These behaviors, as Doidge comments, become “deeply wired into our brains”. He continues to quote Canadian neuroscientist Merlin Donald who argued that “culture changes our functional cognitive architecture, meaning that, as with learning to read and write, mental functions are reorganized”. This observation suggests a much deeper and neurologically significant implication of deeply entrenched corporate cultures which are therefore much more difficult to change, particularly when these cultural behaviors need to change quickly in response to competitive pressures. Beliefs, and ways of thinking and behaving which made a company successful in previous years and decades can become barriers to a new competitive environment. Doidge quotes research by mid-twentieth century European psychologist Jean Piaget in which he experimentally demonstrated how children from different social cultures learned to perceive the world in different ways, but that scientists believed, until recently, that these differences where interpretation and perception differences, versus microscopic differences in their perceptual brain structures and physiology.

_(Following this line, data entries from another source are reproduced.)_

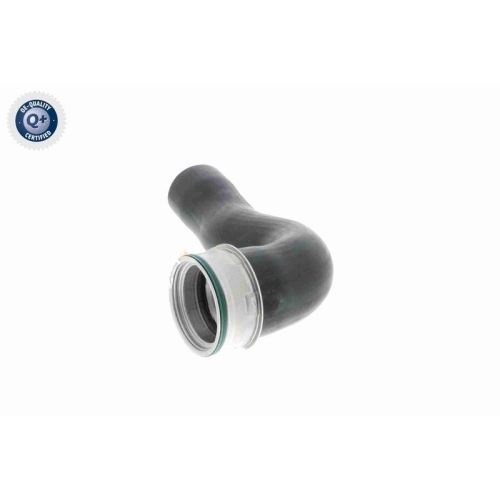 VAICO Ladeluftschlauch Q+, Erstausr&uuml;sterqualit&auml;t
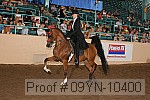 09yn-10400 proof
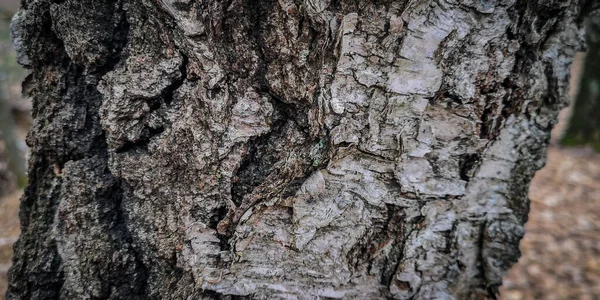 Unikt Strukturerat Mönster För Bark — Stockfoto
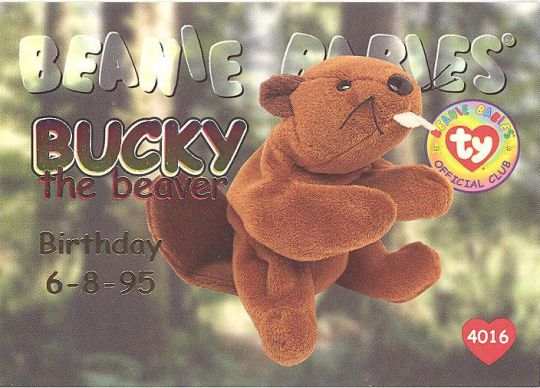 Ty Beanie store Baby - Bucky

The Power of Cultural Indoctrination
Doidge describes how some totalitarian regimes like North Korea recognize the power of cultural indoctrination very early in life. North Korea, he describes, places children as young as two to four years old in schools for purposes of indoctrination in a cult of adoration for their leaders. The high level of plasticity of these young brains creates deep changes in their “perceptual emotional networks that do not merely lead to differences of opinion, but to plasticity-based anatomical differences which are harder to bridge or overcome with ordinary persuasion” or learning later in life. So, while it would be unfair to make comparisons between large corporations and totalitarian regimes, one proposed correlation is that cultural immersion, for example in “New Employee” type programs and the ritualistic programs and experiences that follow are not simply learned and unlearned easily, but can similarly form physiological changes in the very structure of the brains of employees over many years. The implication again is that these are therefore much more difficult to change.
Wexler (2006) in his text “Brain and Culture: Neurobiology, Ideology and Social Change” supports this viewpoint by stating: “Learning and action are in an inverse relationship throughout our lifespans: We learn the most when we are unable to act (i.e. as infants). By the time we are able to act on the world, our ability to learn has dramatically diminished”. This is because, as the author notes, the human brain shapes itself to its environment and the particular form of the environment (for example, different culture characteristics) is unimportant – differences in the environment are not a factor in the human brain’s adaptation. In other words, the brain, especially an immature brain, is remarkably responsive to responding physiologically to diverse cultural stimuli. Also, incongruences between the environment and the developed brain, for example changes to the environment (for example, having to learn a new language) produce significant distress, anxiety and dysfunction (aligned with Aronson’s discussion of cognitive dissonance). While Wexler is referring to societal culture, the same can be said for corporate culture.